# 70% of Income Rule is Flawed



## moneymusing (Apr 3, 2009)

http://www.marketwatch.com/story/advice-on-retirees-income-needs-is-flawed-2009-10-29

I'm not sure if I would be entirely comfortable with the idea of saving less for retirement but I do agree with the idea that everyone has their own retirement number.


----------



## leslie (May 25, 2009)

YOu don't need any 'study' to see this metric is garbage. Even the discussion at the link promptly ignored the '70% of income' and replaced it with '70% of spending'.

Obviously what you spend in your last year B4 retirement must be the starting point for determining what you will spend the next year. I.e. plus recreation expenses and less job expenses. 

But what you EARN B4 retirement probably has NO relationship to what you SPEND those years. You are in heavy-duty savings mode those last years.


----------



## OhGreatGuru (May 24, 2009)

Yes, it is flawed, mainly because of the variability of the expenditure side. If you are still paying rent, or paying a 40-year mortgage, 65-70% is not a bad rule of thumb. But most homeowners aim to retire mortgage-free, with their kids no longer financially dependent on them. If they manage this, then they don't need 70% to maintain the same life style.

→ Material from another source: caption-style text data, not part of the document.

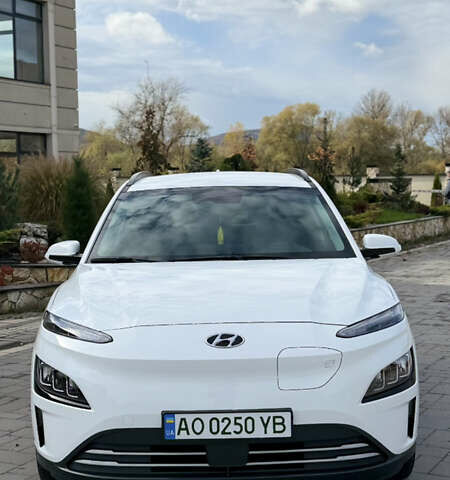 Белый Хендай Kona, объемом двигателя 0 л и пробегом 63 тыс. км за 21500 $, фото 5 на Automoto.ua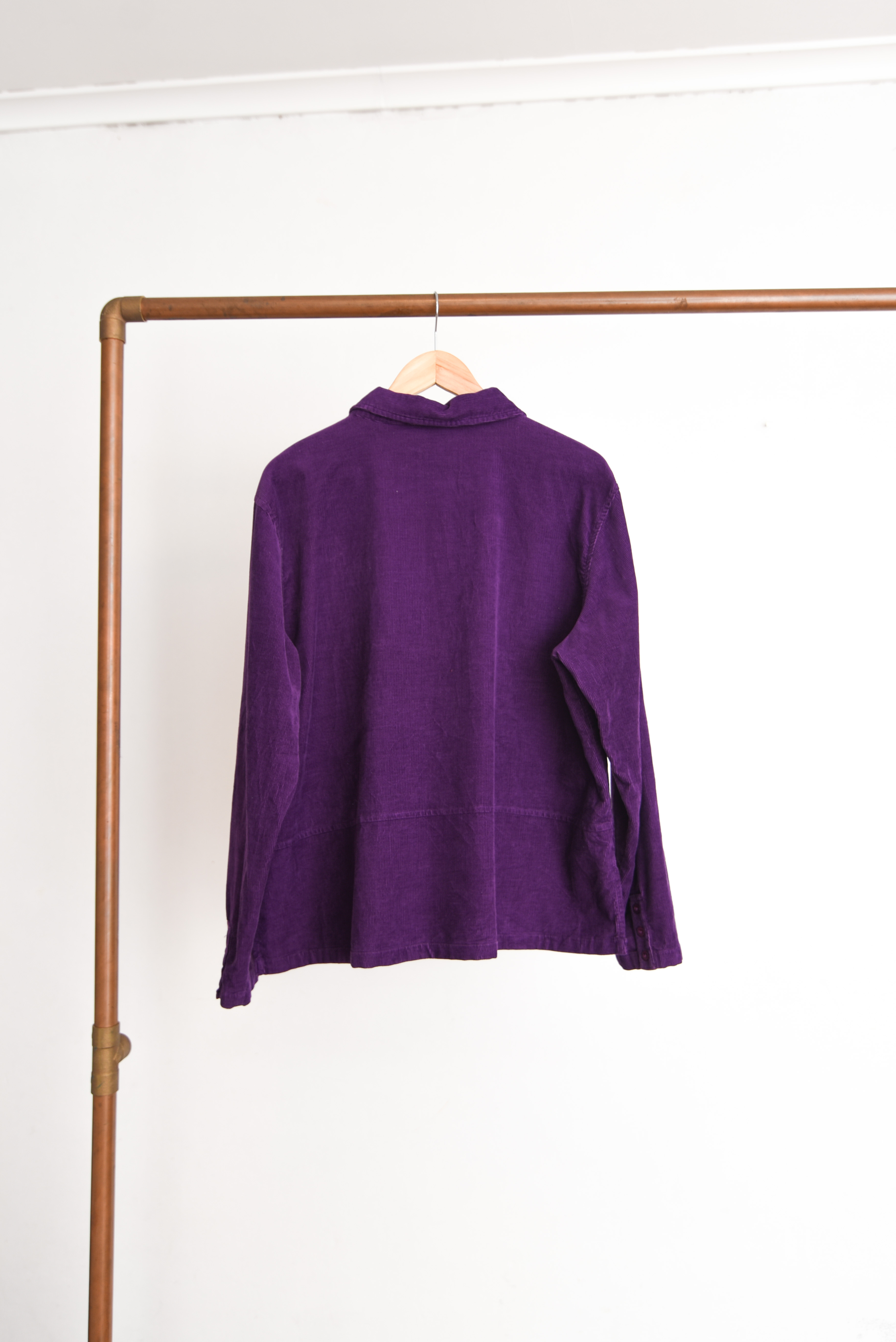 Camisa cotelé morada bordada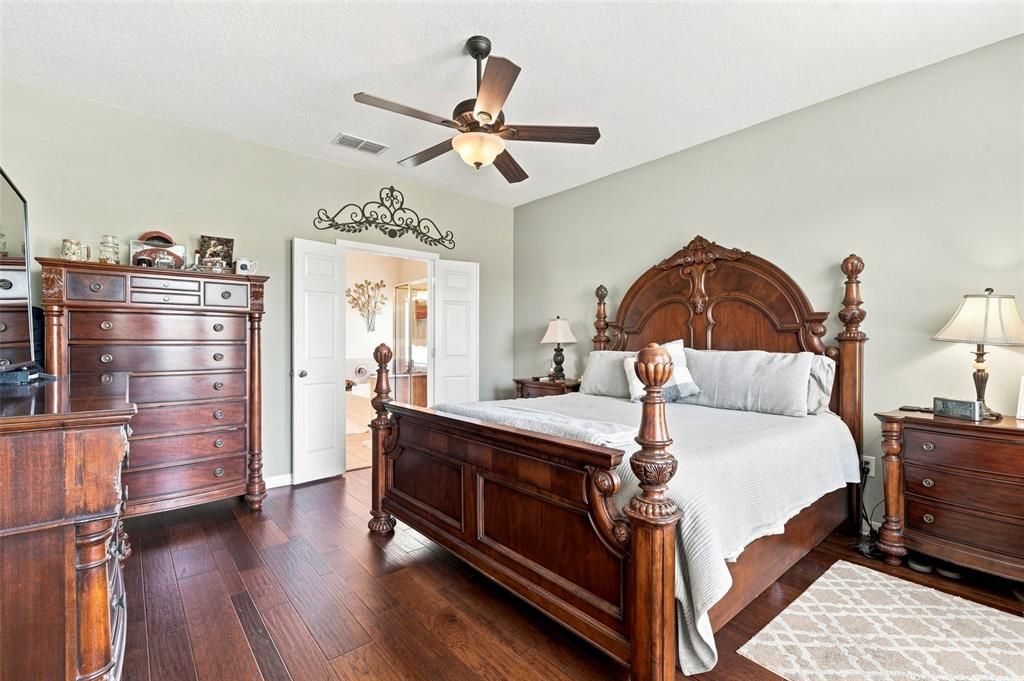 For Sale: $337,900 (3 beds, 2 baths, 1740 Square Feet)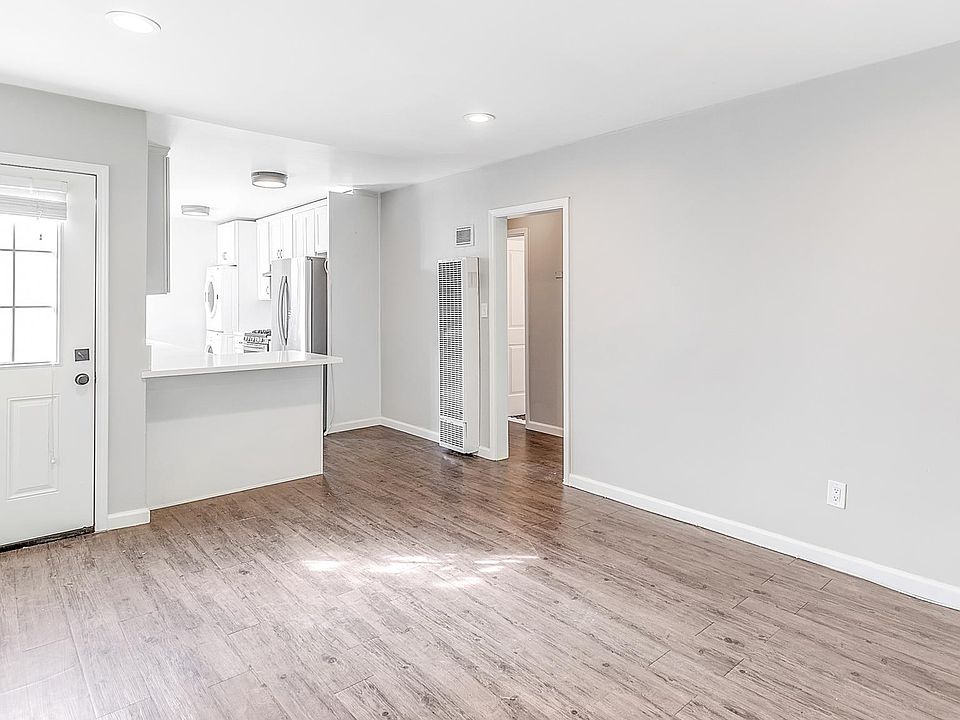 2428 Kansas Ave, Santa Monica, CA 90404 | Zillow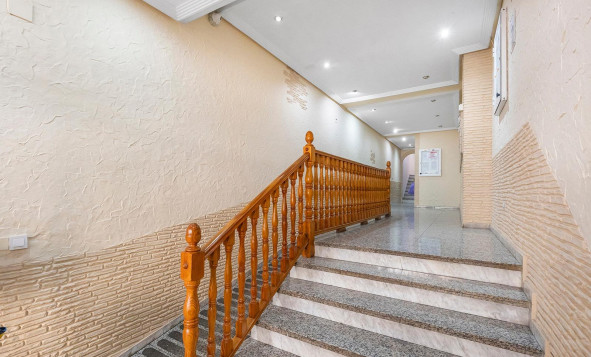 Herverkoop - 1. Appartement / flat - Torrevieja - Costa Blanca Zuid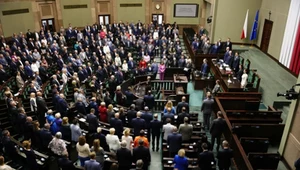 Rządzący odrabiają straty. Najnowszy sondaż partyjny
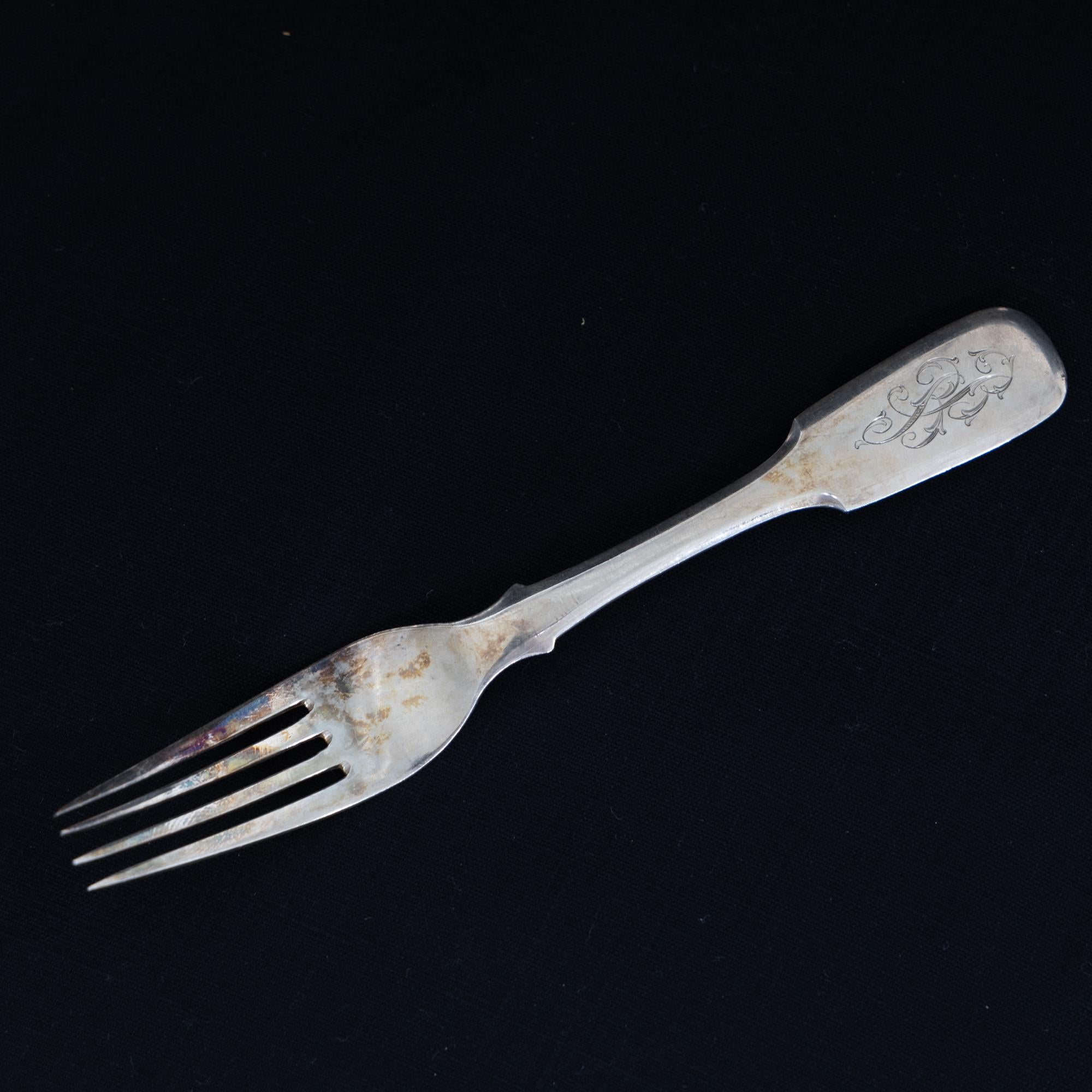 Russian Cutlery in a French Case, late 19th to early 20th Century For Sale 5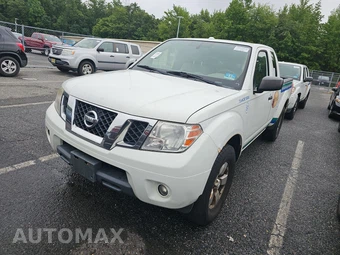 2013 Nissan Frontier SV Extended Cab Medium Bed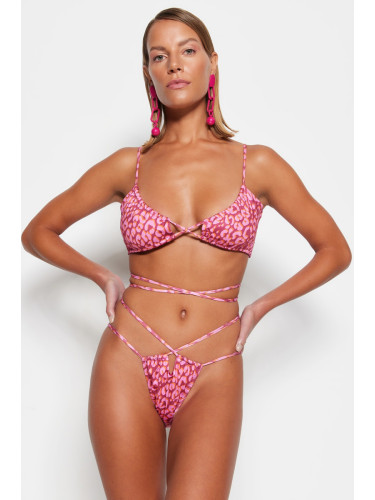 Trendyol животински печат триъгълник вратовръзка бикини отгоре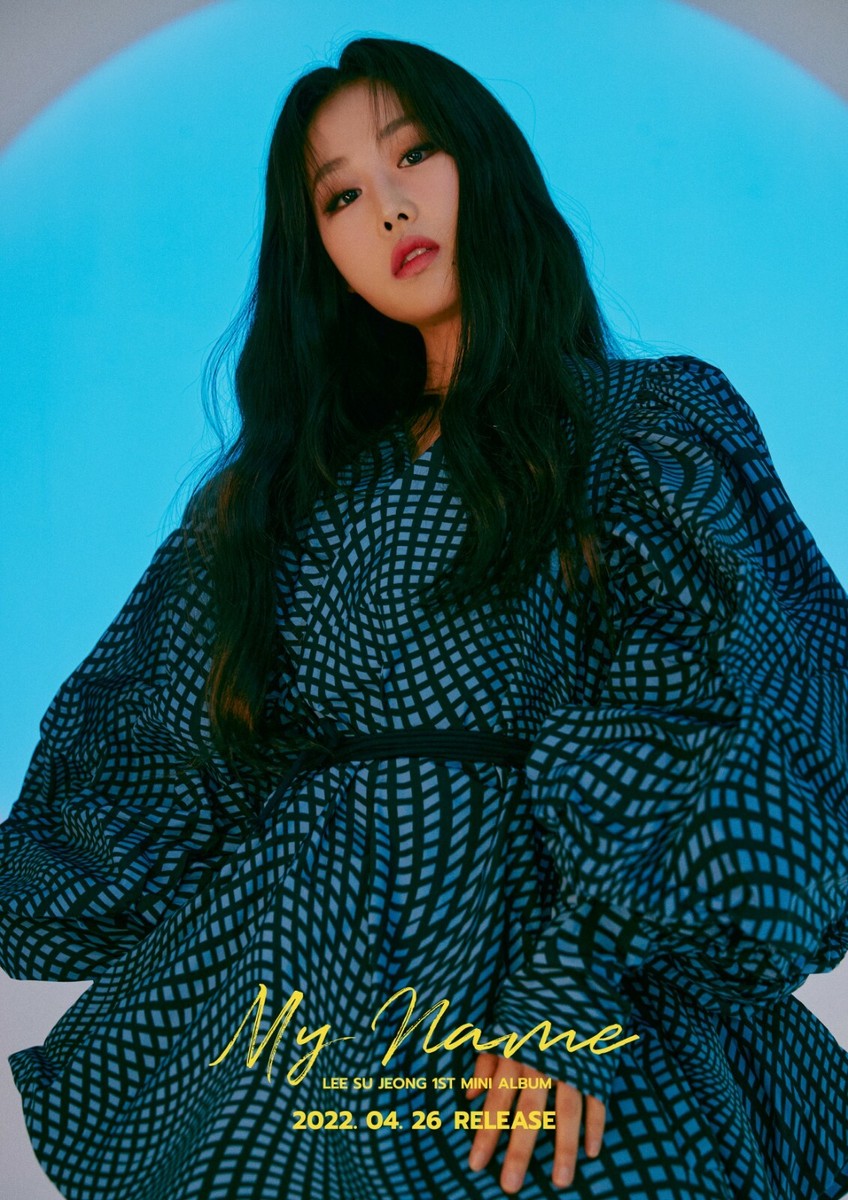(CD)My Name - incl. 48pg Photobook, Photocard, Selfie Photocard + Postcard／Lee Su Jeong LEE SU JEONG LOVELYZ 1st Mini Album [My Name] CD+48p P.Book+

It might be more accurate to say that the 70% rule is based on a statistically average wage earner, with statistically average living costs. The principle is that after retirement you no longer have to pay:
CPP, Pension or RRSP Contributions; EI; Union Dues; or other work-related deductions and costs. These, together with lowering your taxes, mean that a 70% gross pension income will net about the same net take-home pay.


----------



## osc (Oct 17, 2009)

My retirement planning came to the conclusion that I will need about 35% of after-tax income (if I'll be mortgage free). I rounded that to 40%. 
The percentage obviously depends on the absolute value of current income. I think that 70% is accurate for current average after-tax income of Canadian families (which I think is around $75k).


----------



## Saniokca (Sep 5, 2009)

moneymusing said:


> http://www.marketwatch.com/story/advice-on-retirees-income-needs-is-flawed-2009-10-29
> 
> I'm not sure if I would be entirely comfortable with the idea of saving less for retirement but I do agree with the idea that everyone has their own retirement number.


Technically it is garbage. However, for people who don't care to learn about retirement (clearly if you are on this forum you are not one of them) this is a nice number to strive for. The rules of thumb are NOT a bad idea. They are created for general public who will never bother looking into these issues. 

Example (not a great one so don't slaughter me) - Rule of thumb: eat vegetables. Now someone who doesn't know too much about nutrition will try to follow this. People who do care to investigate will tell you that lettuce is not THAT awesome for you while cabbage is. But does following at least this rule make the life of general public better? I think so.


----------